= Olaf Altmann =

German scenic designer and theatre director

Olaf Altmann (born 1966) is a German scenic designer.

Born in Karl-Marx-Stadt (now Chemnitz), Altmann began his theatre career as a stage technician at the municipal theatre. There, he also designed his first stage design for a production of Hasko Weber in 1990. After working at the Volksbühne in Berlin, he became a permanent stage designer in Chemnitz in 1993, where he worked for the first time with the director Michael Thalheimer, whose permanent stage designer he has been ever since.

Altmann has meanwhile also distinguished himself as a theatre director and has staged plays at the theatres in Kassel, Dresden and Cologne.

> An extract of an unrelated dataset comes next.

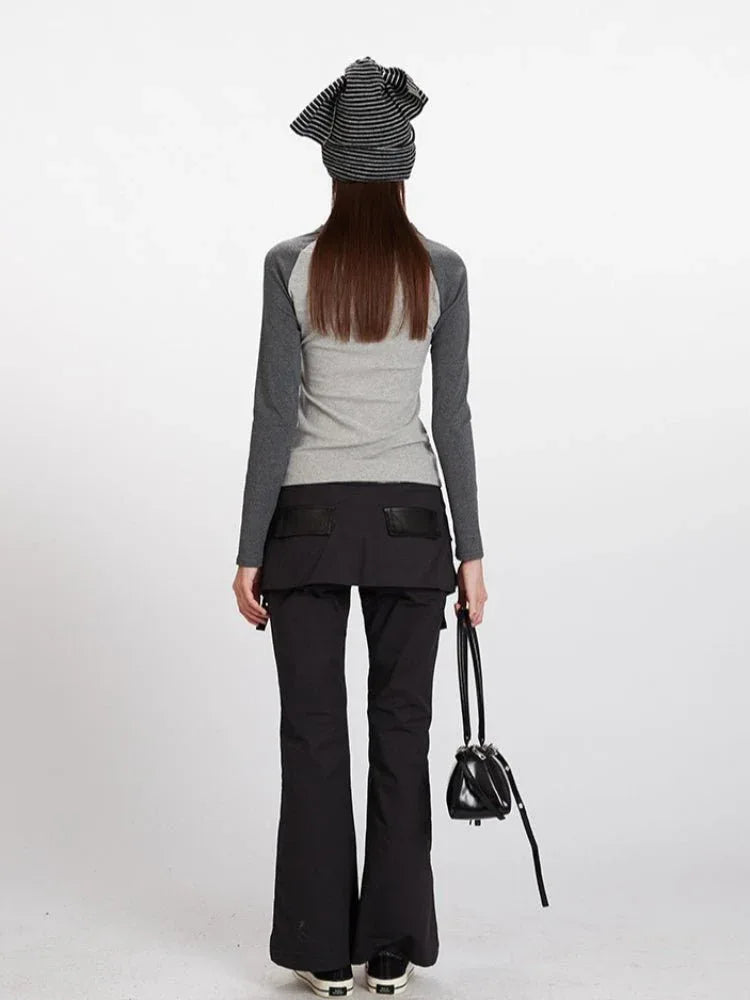 Woman wearing a grey long-sleeve top with a teddy bear print on the front and black pants.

In 2001, Altmann was awarded the 3sat-Preis at the Berliner Theatertreffen for Liliom at the Thalia Theater in Hamburg (together with Thalheimer). In 2002, he was nominated for the Nestroy Theatre Prize. In 2008, Altmann received the award Stage Design of the Year from the magazine Theater heute for his stage design in Die Ratten at the Deutsches Theater Berlin. He also received the Faust award in 2008 for the same work. In 2016, he was awarded the Theaterpreis Hamburg – Rolf Mares for the stage design of the production of Les Troyens at the Staatsoper Hamburg.